内線電話・外線電話の両方の役割を果たし、社内の業務効率化につながるビジネスフォン。ビジネスシーン以外ではあまり見かけないため、その多機能性や便利さを知らない方も多いのではないでしょうか?
本記事では、ビジネスフォンの概要や導入メリット、基本的な使い方を初心者向けにまとめました。業務効率化に興味がある方は、ぜひ最後まで参考にしてください。
そもそもビジネスフォンとは?
ビジネスフォンは、複数の内線・外線を社内で共有できる通話機器です。オフィスワークで使用することを想定し、保留や転送などさまざまな機能が搭載されています。
最大の特徴は複数のチャンネルを使用できる点です。社内での情報共有はもちろん、複数の顧客にも同時対応できるため、業務効率化に役立つ機器として幅広い企業で導入されています。
ビジネスフォンと一般電話機の違い
ビジネスフォンの特徴をつかむために、一般電話機との違いも押さえておきましょう。
主な違い | ビジネスフォン | 一般電話機 |
---|---|---|
回線の種類 | 光回線、IP回線、ISDN回線、アナログ回線 | アナログ回線 |
チャンネル数 | 機器によって変動 | 1チャンネル |
顧客の同時対応 | ○ | × |
内線と外線の同時使用 | ○ | × |
価格帯(初期費用) | 1台あたり15,000円~ | 1台あたり数千円~ |
アナログ回線を使用する一般電話機では、一つの番号につき一つのチャンネルしか使用できません。そのため、1人の従業員が電話を使用している場合は、顧客への電話対応ができなくなってしまいます。
一方で、ビジネスフォンは光回線やIP回線で接続するため、常に複数の従業員が電話を使用できます。
回線の種類による業務環境の違い
ビジネスフォンの接続に使う回線は、企業によって異なります。それぞれどのような特徴があるのか、回線による業務環境の違いについても紹介します。

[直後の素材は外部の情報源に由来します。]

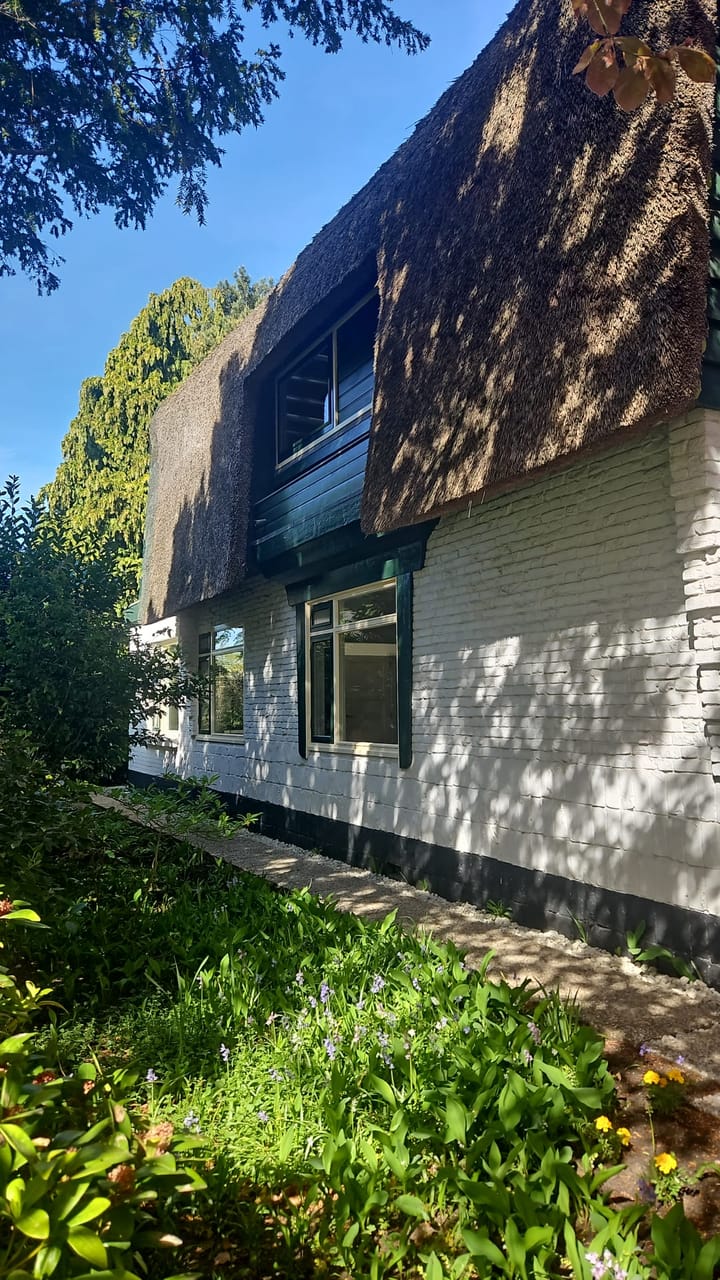 Foto 4 van Driehuizerkerkweg 14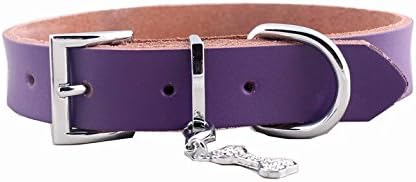 FourlegMate Color Plain Leather Dog Collar with Cute Rhinestone Pendant(PurpleM)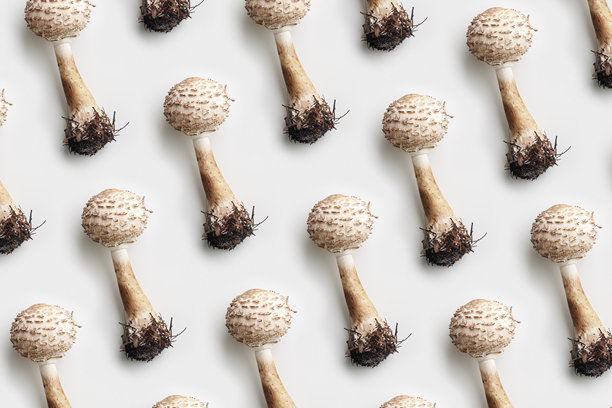 新鲜采摘的蓬松伞菇在白色背景上的最小重复图案，森林蘑菇。自然野生蘑菇常见真菌。美学俯视照片，秋季季节性静物。图片下载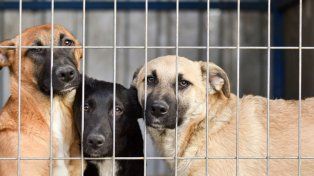 Proteccionistas de Concordia se pronunciaron contra un proyecto de ordenanza que busca prohibir los animales sueltos en la vía pública y promueve la eutanasia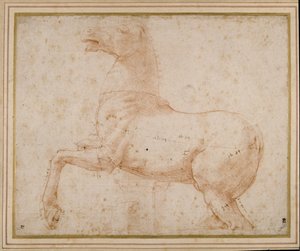 Studie eines Pferdes von Raphael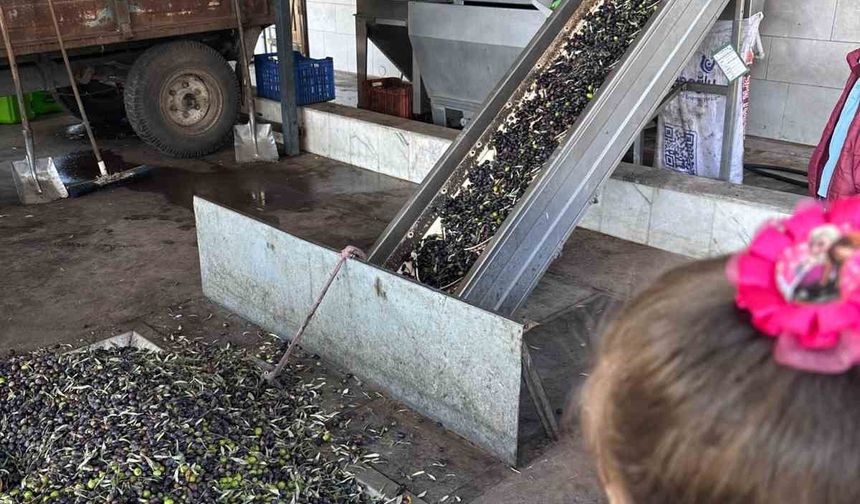 Minikler zeytinin ağaçtan sofraya uzanan serüvenini öğrendi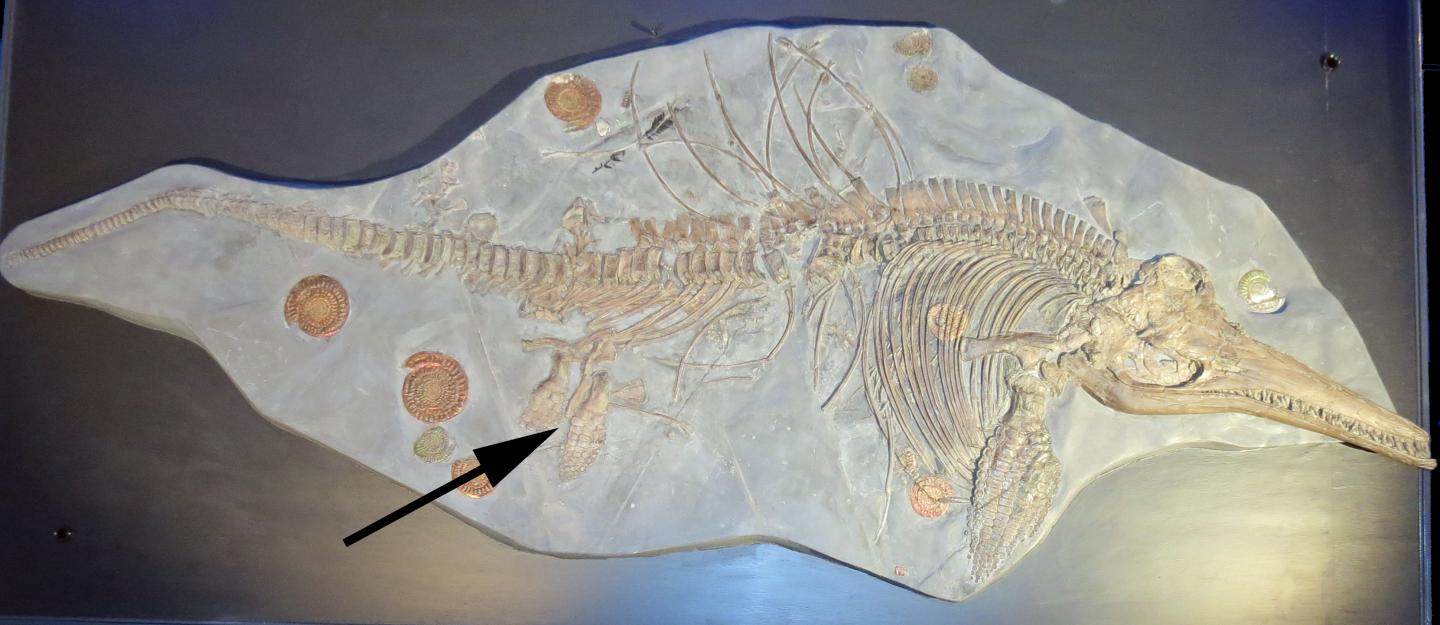 Photograph of an <i>Ichthyosaurus</i> Specimen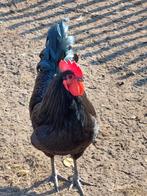 Broedeieren Australorp, Dieren en Toebehoren, Pluimvee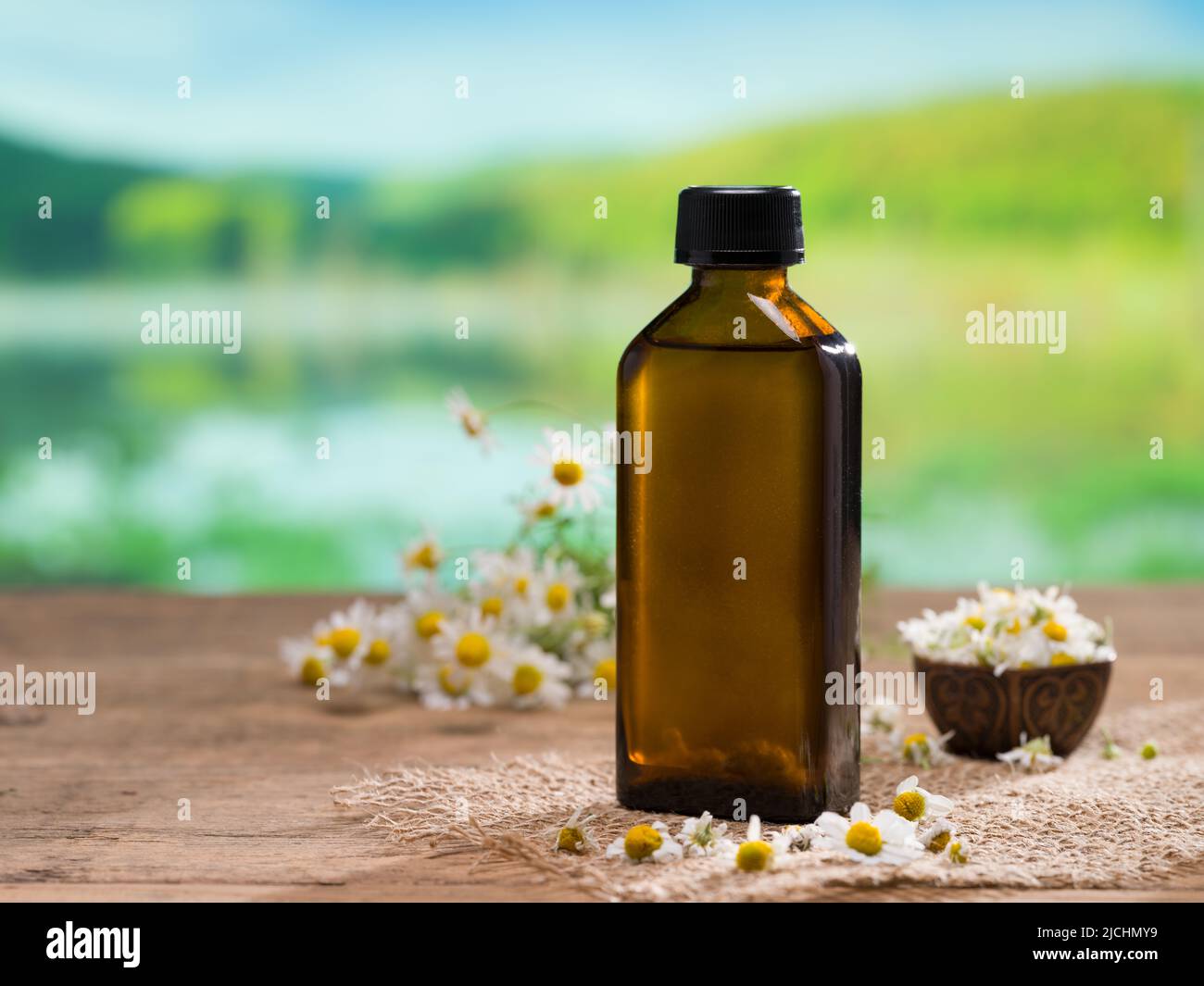 Flasche Kamillenöl auf dem Tisch am See. Ätherische Öle von natürlichen Pflanzen und Blumen. Stockfoto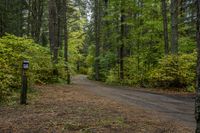 a dirt road winding through a forest filled with trees and other trees and leaves on the ground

主な違い | 光回線・IP回線 | ISDN回線 | アナログ回線 |
---|---|---|---|
チャンネル数 | 機器によって異なる | 2チャンネル | 1チャンネル |
通話料金 | 安い | 高い | 高い |
停電時の使用 | 不可 | 可能なケースもある | 可能なケースもある |
安定性の面ではISDN回線やアナログ回線が優れているものの、これらの回線は通話料金がやや高く、1度に使えるチャンネル数も少ない特徴があります。一方で、光回線・IP回線は複数のチャンネル使用に加えて、安い通話料金での利用が可能であるため、業務効率化やコスト削減に役立ちます。
オフィスにビジネスフォンを導入するメリット
ビジネスフォンを導入すると、企業にはどのようなメリットがあるのでしょうか。ここからは、経営者が特に押さえたい3つのメリットを紹介します。
複数の顧客・クライアントに同時対応できる
光回線やIP回線でビジネスフォンを使用する場合は、複数の顧客・クライアントへの同時対応が可能になります。チャンネル数は機種によりますが、中小オフィス向けでも8~24チャンネルが用意されています。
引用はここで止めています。